This book examines the role of the El Niño Southern Oscillation (ENSO) in society. Throughout human history, large or recurrent El Niños could cause significant disruption to societies and in some cases even contribute to political change. Yet it is only now that we are coming to appreciate the significance of the phenomenon. In this volume, Richard Grove and George Adamson chart the dual history of El Niño: as a global phenomenon capable of devastating weather extremes and, since the 18th century, as a developing idea in science and society. The chapters trace El Niño’s position in world history from its role in the revolution in Australian Aboriginal Culture at 5,000 BP to the 2015-16 ‘Godzilla’ event. It ends with a discussion of El Niño in the current media, which is as much a product of the public imagination as it is a natural process.

Reviews

“Adamson and Grove’s partner, Vinita Damodaran, are to be congratulated for their endeavors to honor Grove’s work and to advance the exciting field of climate history.

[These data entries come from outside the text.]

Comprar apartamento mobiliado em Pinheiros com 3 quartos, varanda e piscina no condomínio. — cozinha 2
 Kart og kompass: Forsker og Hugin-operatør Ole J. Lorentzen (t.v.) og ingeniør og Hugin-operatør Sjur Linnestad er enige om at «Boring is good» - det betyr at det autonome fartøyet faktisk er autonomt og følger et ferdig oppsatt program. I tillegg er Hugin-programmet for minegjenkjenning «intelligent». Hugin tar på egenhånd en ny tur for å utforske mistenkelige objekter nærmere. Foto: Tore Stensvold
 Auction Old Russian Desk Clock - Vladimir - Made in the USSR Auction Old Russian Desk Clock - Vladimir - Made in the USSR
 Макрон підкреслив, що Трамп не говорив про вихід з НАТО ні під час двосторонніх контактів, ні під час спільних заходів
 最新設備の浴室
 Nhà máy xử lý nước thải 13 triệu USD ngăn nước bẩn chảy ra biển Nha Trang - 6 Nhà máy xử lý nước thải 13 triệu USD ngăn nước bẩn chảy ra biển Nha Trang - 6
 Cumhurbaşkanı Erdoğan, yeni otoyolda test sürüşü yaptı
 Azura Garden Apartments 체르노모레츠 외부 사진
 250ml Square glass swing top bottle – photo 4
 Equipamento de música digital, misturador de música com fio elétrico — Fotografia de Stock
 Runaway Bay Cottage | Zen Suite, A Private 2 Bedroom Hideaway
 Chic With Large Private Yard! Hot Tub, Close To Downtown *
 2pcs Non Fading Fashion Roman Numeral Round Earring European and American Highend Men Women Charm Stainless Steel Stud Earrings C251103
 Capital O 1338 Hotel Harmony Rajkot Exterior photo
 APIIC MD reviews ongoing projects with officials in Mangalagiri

Engagingly written and thoughtfully illustrated, this text will become a vital reference for geographers and historians studying the state of El Niño science and its history, while highlighting potential areas for further interdisciplinary research on El Niño and the Southern Oscillation in a warming world.” (Ruth Morgan, H-Water, networks.h-net-org, January, 2019)

Authors and Affiliations

  • Centre for World Environmental History, University of Sussex, Brighton, UK

    Richard Grove

  • Department of Geography, King’s College London, London, UK

    George Adamson

About the authors

Richard Grove is a pioneering global environmental historian whose numerous books include Green Imperialism; Ecology, Climate and Empire; and El Niño- history and crisis. He was Professorial Fellow at Centre for World Environmental History, University of Sussex and ARC Professorial Fellow at Australian National University. This book represents some of his most recent, exciting and unpublished work on the life and times of El Niño.

George Adamson is a historical climatologist with a focus on El Niño and the Indian monsoon. He is Lecturer in Geography at King’s College London, UK.